I hope I won't be too judgemental at this stage!

   1. Non-lethal combat

This is an interesting context, because the safety level can already be quite high by default (at least compared to fights to the death) without having to implement any adaptation for the re-creation of the fight. Such combat was usually a public performance, involving highly trained participants who were expected to perform many times – this is actually pretty close to the setting of our modern-day "re-created combat". The level of safety of a "non-adapted" version of re-created combat therefore directly depends on the acceptable level of risk and violence as it was perceived in the original context. Such practices include historical fencing competitions, jousting, or gladiatorial combat.

Jousting

There are many ways in which jousting is portrayed nowadays, but here the focus isn't on people who dress up as knights and crush balsa-wood or cardboard lances on plywood shields. It's about the crazy and amazing people who ride horses as close to the historical breeds as possible, in the most accurate replicas of armour, and ride at each other wielding solid pine, metal-tipped lances. The technical and material accuracy are, in principle, maximal, as for the safety... well, historically jousts came with their fair share of injuries, some of them being fatal. Modern materials and knowledge can to some extent prevent accidents, but accidents keep happening, with the potential of being severe. The participants obviously favour the understanding and faithful recreation of the historical jousts over their own safety...
  However, risks vary depending on the tournament discipline being practiced: the joust itself, given the violent impacts and sharp splinters flying everywhere, entails far more injuries than, for example, the Kolbenturnier, in which participants merrily bash each other on the armour with fairly light wooden clubs.

Ready for knight clubbing

Another interesting point about safety in jousting, is that safety actually increases with material and technical accuracy: the historical jousts involved certain elements of armour and a certain wielding of the lance for good reasons, and then as now, if the proper gear is used in conjunction with an appropriate skill level, accidents are less likely to happen.

Gladiators

Because (as you of course know) the purpose of gladiators was not to die in the arena, but to entertain the crowd and bring a good return on investment for their owner and for the organiser of the games, gladiatorial duels are another instance of fights which are inherently highly spectacular but in principle non-lethal.
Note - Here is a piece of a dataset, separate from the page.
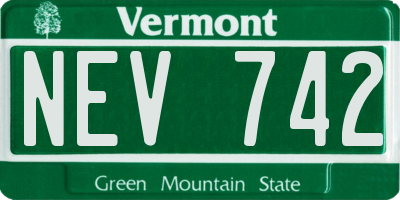 VT license plate NEV742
The fighting techniques aim at producing very visible but non-lethal injuries (such as shallow slashes across the back), and the fights finish in a submission. Mortal wounds were avoided as much as possible (in particular because the duelling pairs were training partners, and because as slaves gladiators did not have the right to take a life), but death would of course happened, generally for exceptional fights which were ordered to be to the bitter end (however, the said end was often an execution after the submission, rather than death from a mortal wound received during the fight).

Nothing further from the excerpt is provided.